====== Material for this exercise
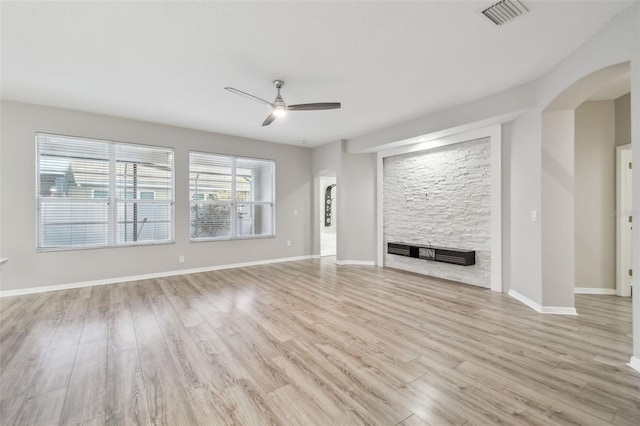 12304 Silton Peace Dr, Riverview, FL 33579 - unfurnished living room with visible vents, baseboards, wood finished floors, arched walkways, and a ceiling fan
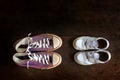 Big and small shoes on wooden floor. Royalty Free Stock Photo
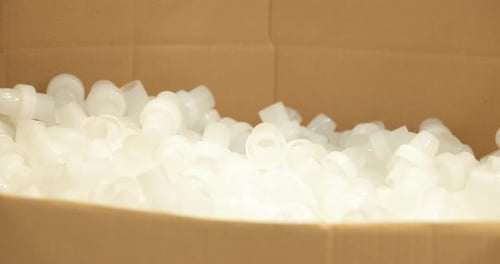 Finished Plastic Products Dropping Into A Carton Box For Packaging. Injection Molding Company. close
============
====== Material for this exercise
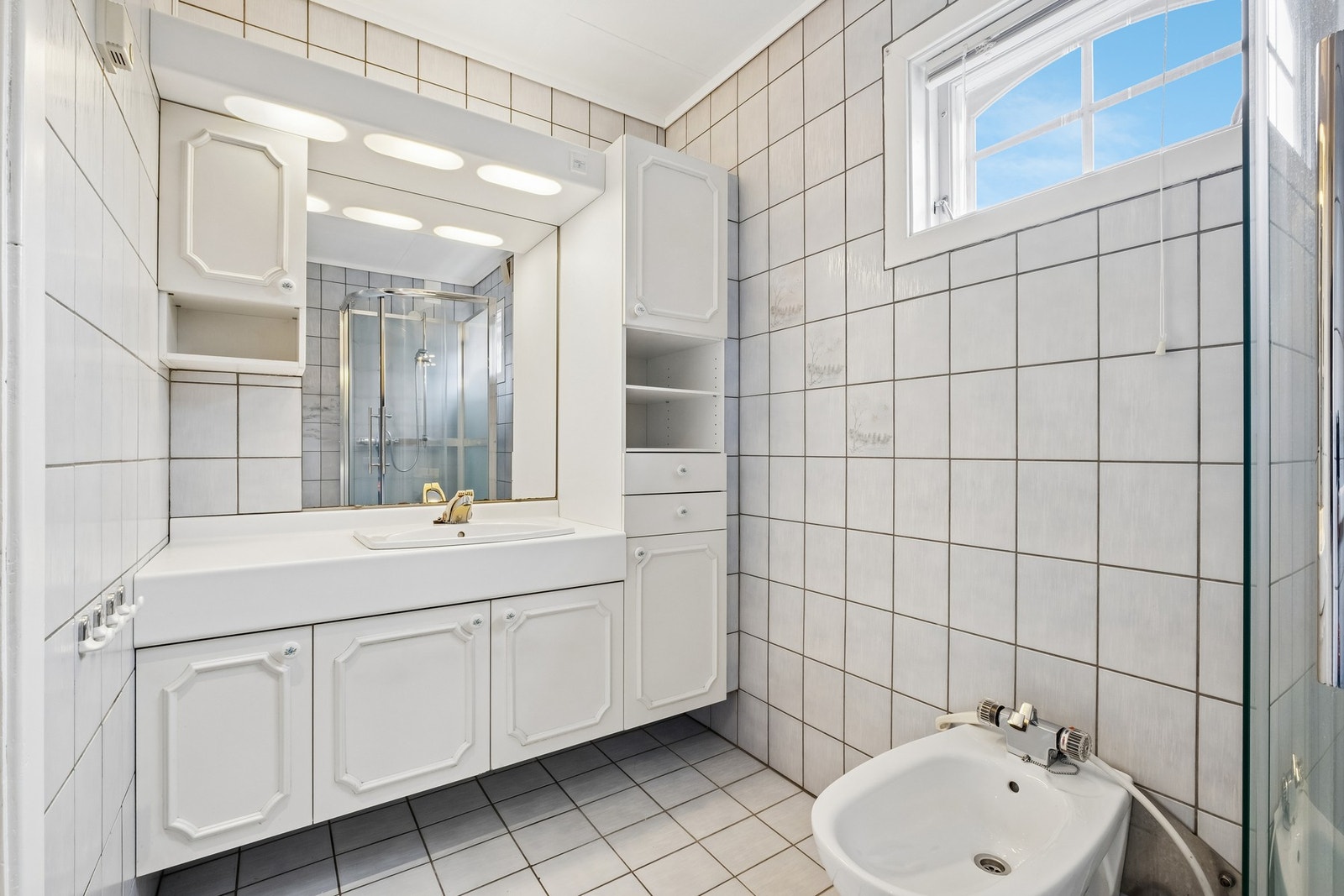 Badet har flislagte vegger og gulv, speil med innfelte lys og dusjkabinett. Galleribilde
============
:: Your instructions ::
In the records above, find the line with "12304 Silton Peace" and the line with "Finished Plastic Products"; please transcribe exactly those two lines and all lines between them, omitting any picture.

:: Response ::
 12304 Silton Peace Dr, Riverview, FL 33579 - unfurnished living room with visible vents, baseboards, wood finished floors, arched walkways, and a ceiling fan
 Big and small shoes on wooden floor. Royalty Free Stock Photo
 Finished Plastic Products Dropping Into A Carton Box For Packaging. Injection Molding Company. close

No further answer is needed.